The “Word” does this same feat (Psalm 33:6; John 1:1). Note that few lines earlier we read the “Word of Life.” 

We have also seen before the direct linguistic relationship between the Hebrew and Aramaic roots for “Light” and “Torah” such as: “Your word (davar) is a lamp to my feet, a light (aur) to my path”  (Psalm 119:105).  “For the commandment is a lamp. The teaching is a light (aur), and the way to life is the rebuke that disciplines” (Proverbs 6:23).

What makes this citation in Proverbs most profound is the word mitzvah (commandment), since tradition commonly calls the revelation at Sinai the Ten Commandments when in fact the Tanakh uses davarim (words)! 

Keep this in mind while considering 1 John 2:4 - “He who says I know Him and does not keep His Commandments (poqadona) is a liar and the truth is not in him. But whoever keeps His word (miltha) in him, verily is the love of Elohim perfected; hereby we know that we are in Him” (1 John 2:4). 

Aramaic could not make a more forceful point. The fact is, poqadona and miltha are exceedingly close matches for their Hebrew counterparts - mitzvah in Proverbs, and davar in Psalms. However, it is in this next passage that the full measure of John’s brilliance is shown:

“My beloved, I do not write a new commandment to you, but an old commandment that you have had from the beginning. The old commandment is the word that you have heard from the beginning” (1 John 2:7). 
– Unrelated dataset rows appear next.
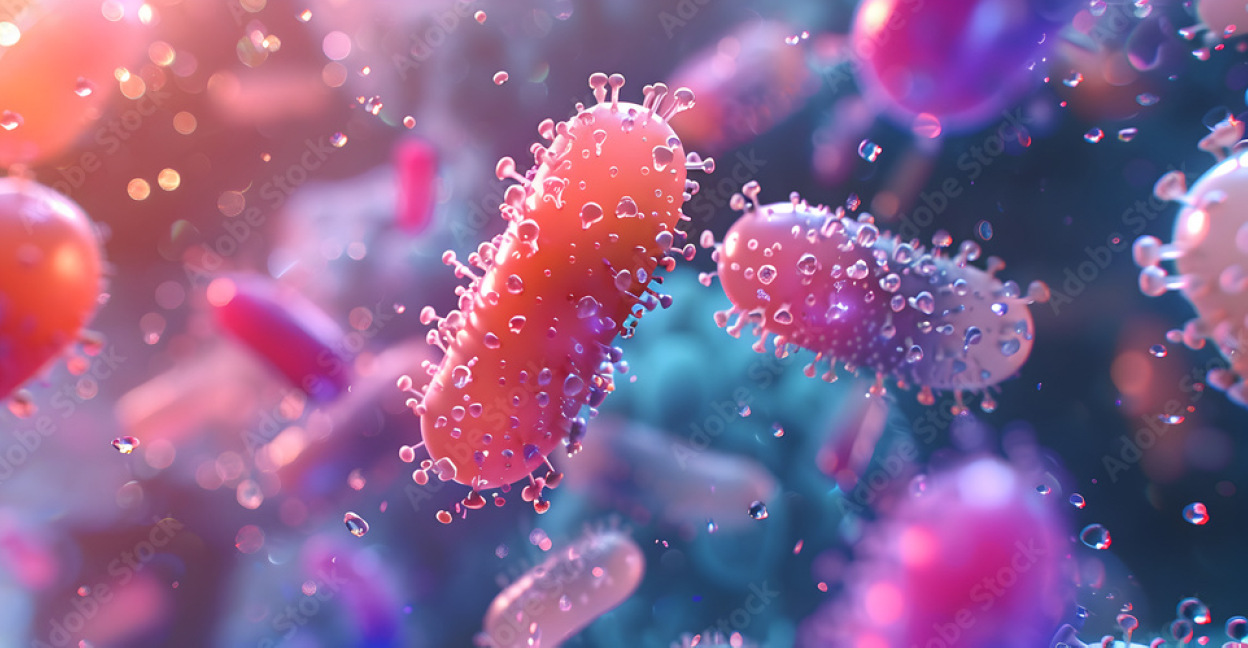 An image of microorganisms in the gut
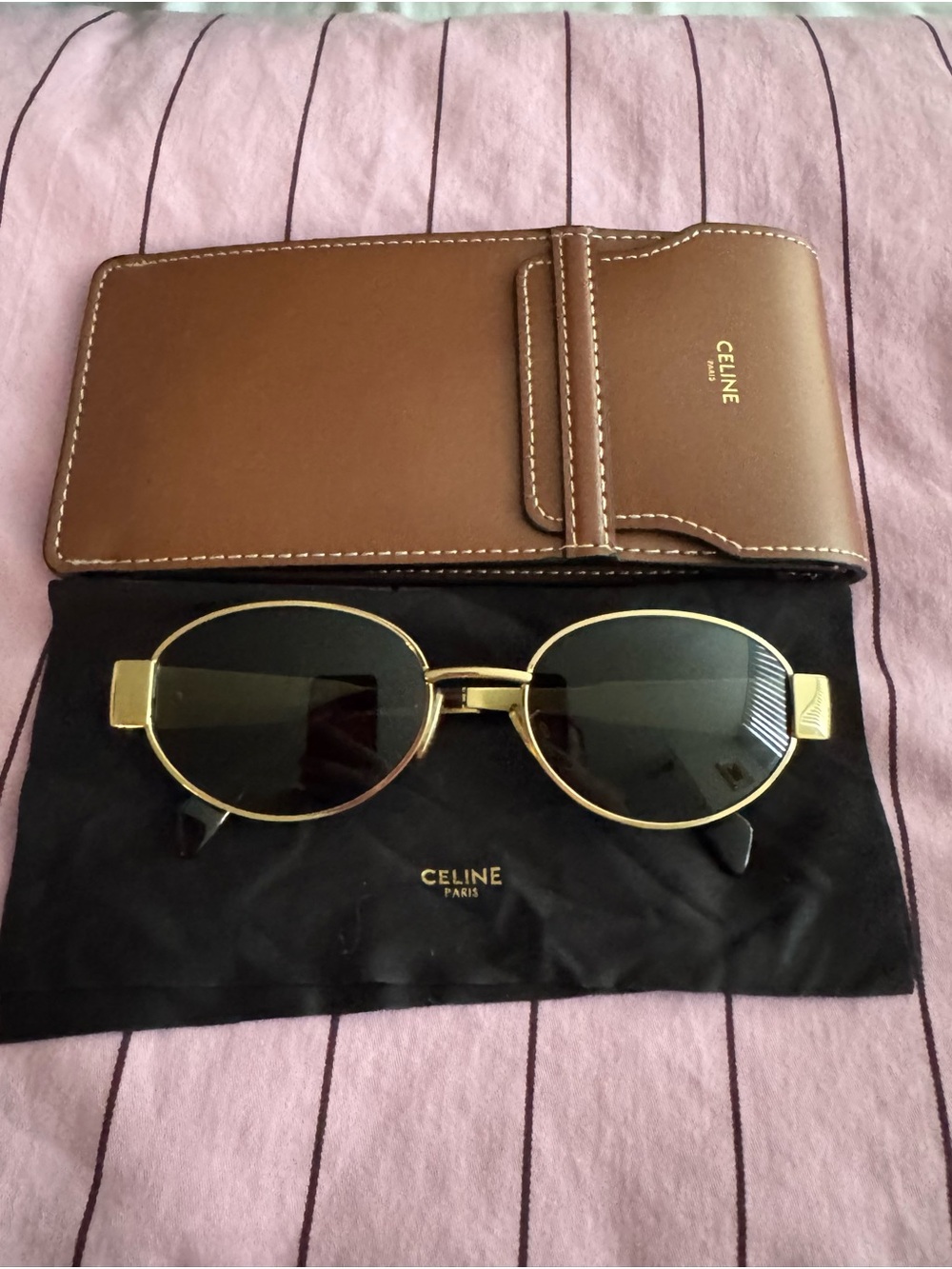 Celine Womenβs Gold Frame Black Lens Sunglasses with Brown Leather Case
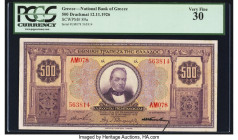 Greece National Bank of Greece 500 Drachmai 12.11.1926 Pick 89a PCGS Very Fine 30. Cancelled perforation present. From the Greek Legacy Collection 

H...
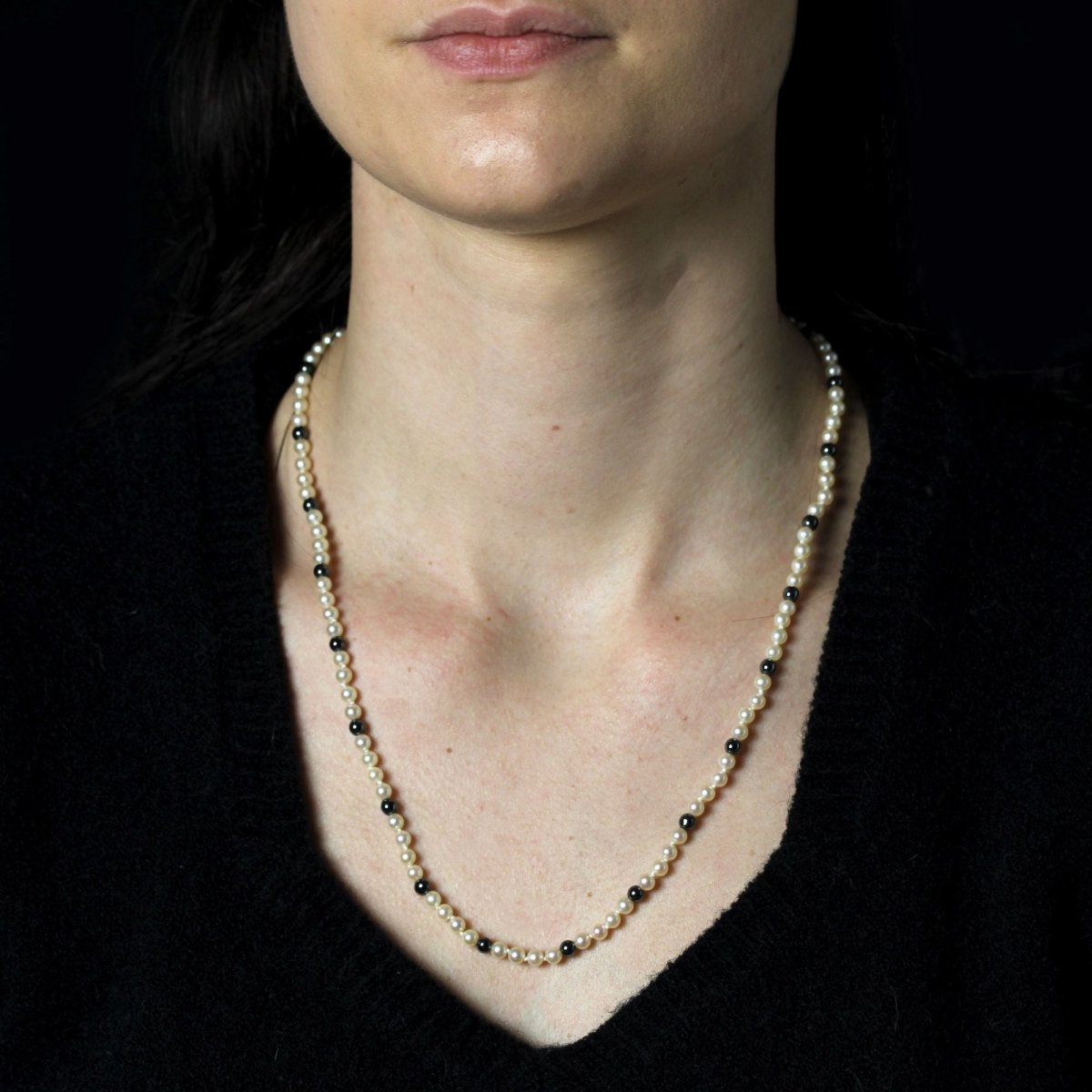 Collier perles de culture et hématites en or jaune - Castafiore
The Commandment is the Word, which comes from the beginning. We must now realize that to translate this as “his Commandments” is wrong, but “His Commandments” is correct.  “His Commandments” is the WORD which came from the very beginning of time!

Many fail to understand this truth:

It is impossible for Torah to have passed away during the lifetime of the Shlichim/Apostles if John himself writes about the Word they have heard from the beginning.  What else could this WORD be, except the living Torah! 

John is a native Aramaic speaker and follower of Y’shua who knows that the WORD (or the Torah of YHWH) comes from the “Light”; he states that Elohim is Light and that we abide in that Light when we do His Mitzvot/Poqadona/Commandments.

Furthermore, the interchanging of “Word” and “Commandment” simply does not happen in any other language except Hebrew and Aramaic, the “word that you have heard” is the Shema!